Así que, llegado septiembre, cogí el TER Ruta de la Plata desde Cáceres a Zamora, donde monté en el expreso Rías Baixas hasta Vigo, allí pillé un ferrobús a Vilagarcía y 22 horas después de salir de casa, llegué a Vilagarcía dispuesto a tomar posesión de mi plaza. El viaje había sido duro, pero sería compensado, pensaba yo, por la belleza antológica de aquella playa tropical seleccionada entre las Maravillas de España.

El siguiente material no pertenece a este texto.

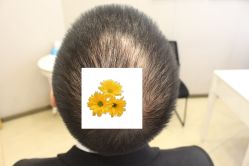 -大麦微针植发丨全国连锁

Así que fui al instituto, donde me recibieron como a un espécimen inexplicable pues no entendían que un tipo de Cáceres, sin ninguna relación con Galicia, hubiera escogido Vilagarcía pudiendo elegir plaza en su propia tierra o en alguna capital de provincia del interior de España. Cuando, intrigados, se interesaron por mi elección, les aclaré que me gustaban el mar y el marisco y me había convencido la estupenda playa de la ciudad. No olvidaré la cara de extrañeza que pusieron Elías Lamelas, el director, y Manuel Alonso, el secretario, cuando les confesé mis razones. Entendí tanta incomprensión unas horas después, cuando, tras comer en el Carballinés el mejor filete de ternera que había probado en mi vida, fui a conocer, por fin, la maravillosa playa, que creí dividida en dos pues el viandante al que pedí orientación me preguntó si iba a la de A Concha o a la de Compostela. Yo le respondí que a la más grande y el caballero me dejó perplejo: «Bueno, grandes lo que se dice grandes…».

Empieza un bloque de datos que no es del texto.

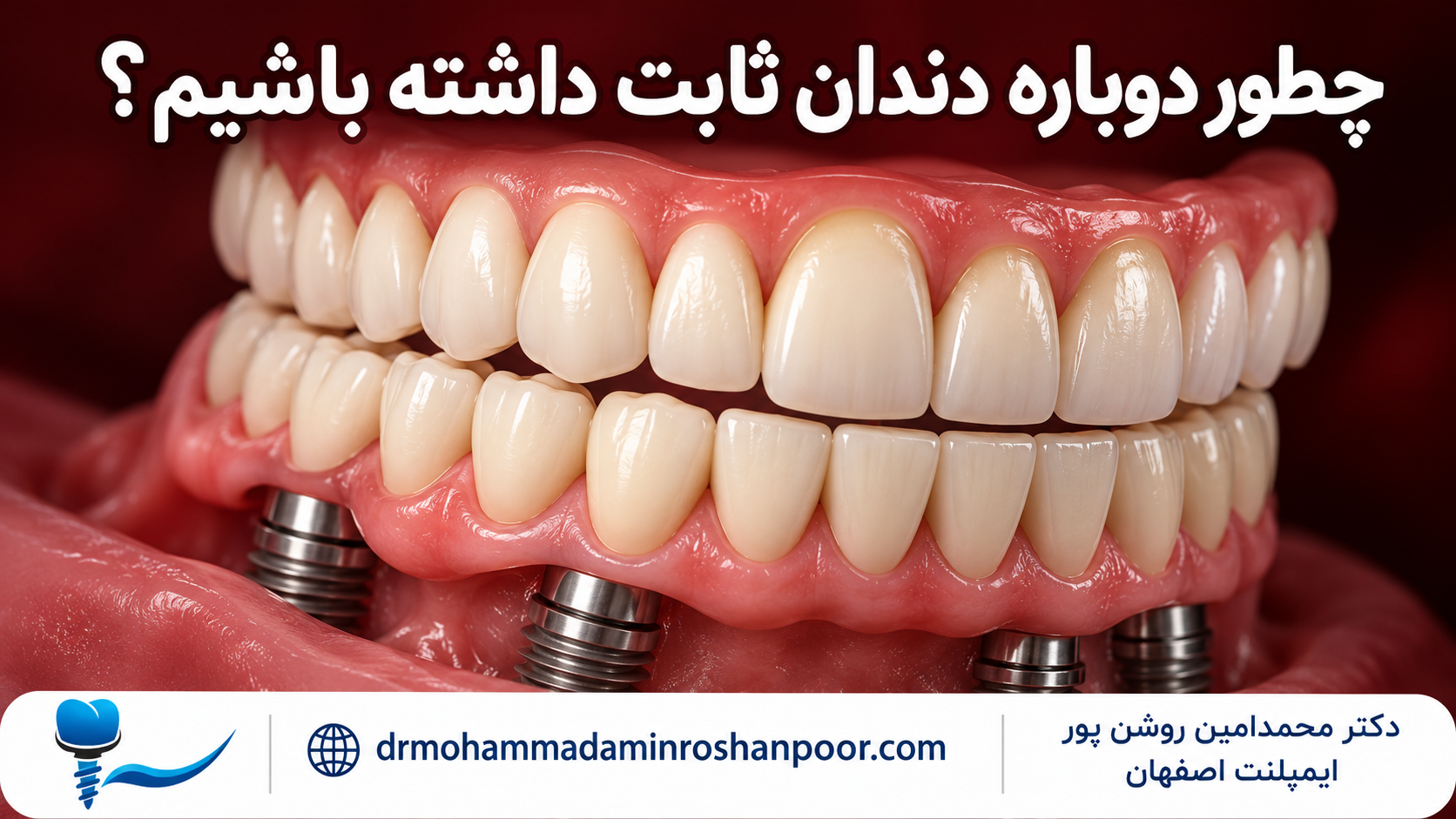 تصویرسازی آموزشی ایمپلنت کامل فک با نام دکتر محمدامین روشن پور و آدرس سایت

Con algo de mosqueo, seguí sus indicaciones y, por fin, descubrí la playa de Vilagarcía, entendí que los redactores de Maravillas de España me habían engañado con una foto de los años 50 en un libro editado en 1981 y comprobé que la playa de Vilagarcía, literalmente, no existía. Es verdad que llegué a aquel minúsculo arenal en temporada de mareas vivas y con la pleamar, pero qué sabía uno de Cáceres sobre si las mareas vivían o morían o si la pleamar y la bajamar podían hacer desaparecer o reaparecer una playa.

Me consolé con los demás encantos de la ciudad y enseguida me sumé al anhelo y a la nostalgia de una ciudadanía que, por un lado, evocaba los tiempos en que la playa de Vilagarcía tenía su gracia y, por otro, clamaba por la regeneración de su arenal. Y así, evocando y clamando, pasaron los años, hasta que se obró el milagro y decenas de camiones cargados de tierra convirtieron aquella línea de arena, que desaparecía al subir la marea, en una señora playa, inmensa, con vistas, bares y hasta bandera azul. Solo le faltaba algo que nunca podremos tener salvo milagro: unas olas divertidas.

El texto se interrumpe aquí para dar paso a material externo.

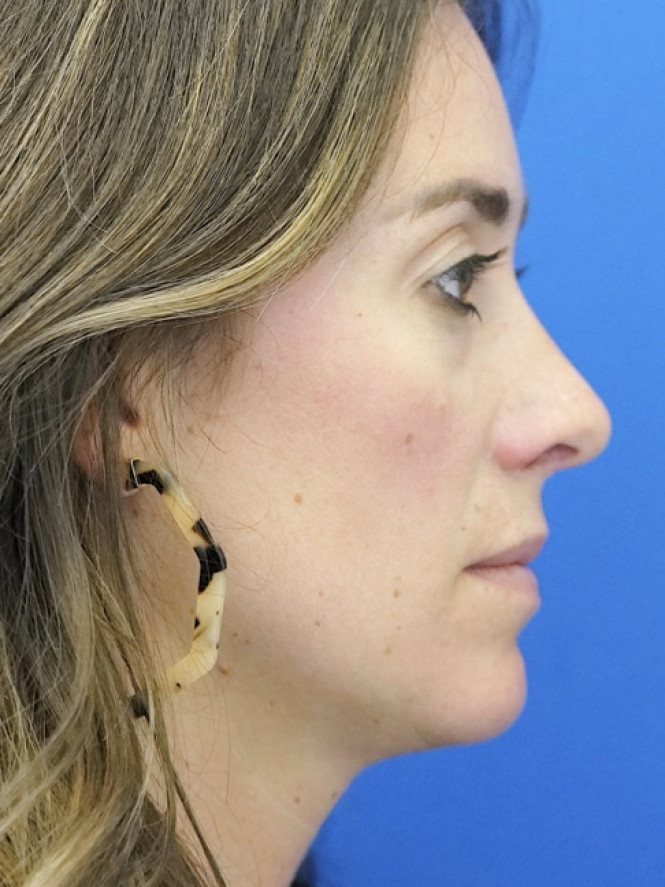 Preservation Rhinoplasty — After
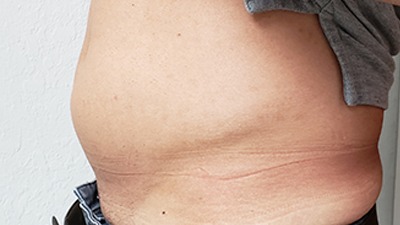 Before BodySculp Non-Surgical Fat Reduction on Tummy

Pero llegó el verano y con él, la decepción. Fuimos a bañarnos y aquella arena era insoportable, áspera, granulosa. Para más inri, descubrimos cómo la playa se convertía en una especie de huerto sin hortalizas, pero con unas malas hierbas llamadas cadillos o abrojos, que pinchan tanto los pies como las ruedas de las bicis, y, aunque tenía cierta gracia eso de fotografiar una playa verde, pues, la verdad, no era el lugar más agradable para bañarse ni pasear. Así que en estos días hemos asistido a algo insólito: ha comenzado la siega en la playa, costará medio millón de euros, eliminará 65.000 metros cuadrados de hierbajos como clavos y la playa, aunque no sea tropical ni paradisíaca, al menos dejará de parecer un prado con púas. En fin, ¡maravillas de España!